US 2977496 A
Description (OCR text may contain errors)
March 28, 1961 H. D. DOOLITTLE ELECTRODE STRUCTURE FOR ELECTRON TUBES Filed Dec. 4, 1958 INVENTOR.
HOWARD D. DOOLITTLE AGENT United States ELECTRODE STRUCTURE FOR ELECTRON TUBES Filed Dec. 4, 1958, Ser. No. 778,148 7 Claims. (Cl- 313-69) This invention relates to improvements in electrode structures of multi-electrode power tubes and has particular reference to indirectly heated oxide-coated cylindrical cathodes and cooperating control grid structures for use in beam-forming electron tubes.

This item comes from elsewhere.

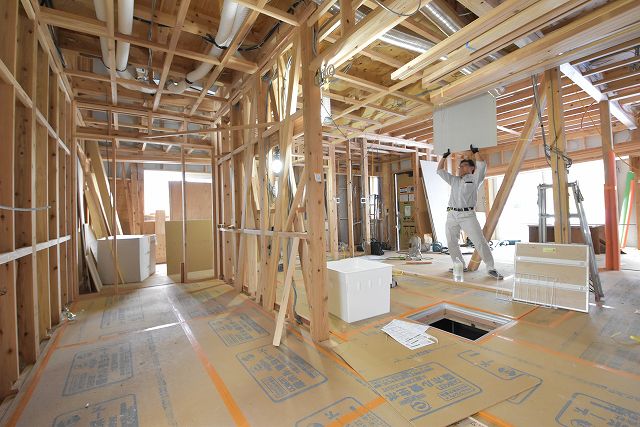 福岡県糟屋郡03　注文住宅建築現場リポート⑦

The present invention embodies novel anode, cathode and control grid structures wherein the effective elements of the control grid are positioned out of the electron flow paths and, therefore, subject to little electron bombardment and consequent grid current, and are also positioned in exceptionally closely-spaced relation to the cathode, thereby requiring lower than normal grid driving power.

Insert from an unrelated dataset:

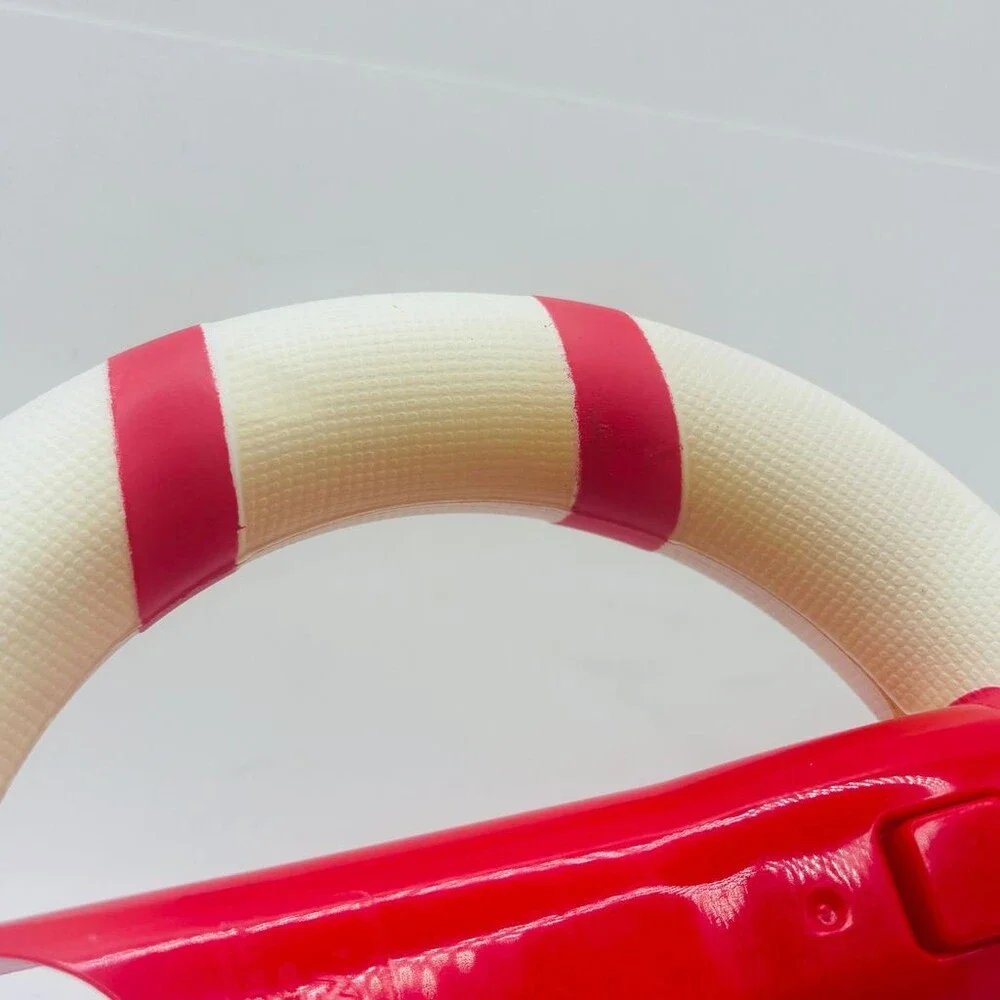 OEM White Red Nerf Wii Wheel Steering Accessory for Nintendo Wii Controller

One serious problem in the manufacture and operation of multi-electrode power tubes is heating of control grid wires when bombarded by electrons emitted by the cathode. A second problem is the relatively high driving power which must be applied to a control grid to properly influence the flow of electrons between cathode and anode. Grid driving power can be reduced by moving the grid closer to the cathode, when this is possible.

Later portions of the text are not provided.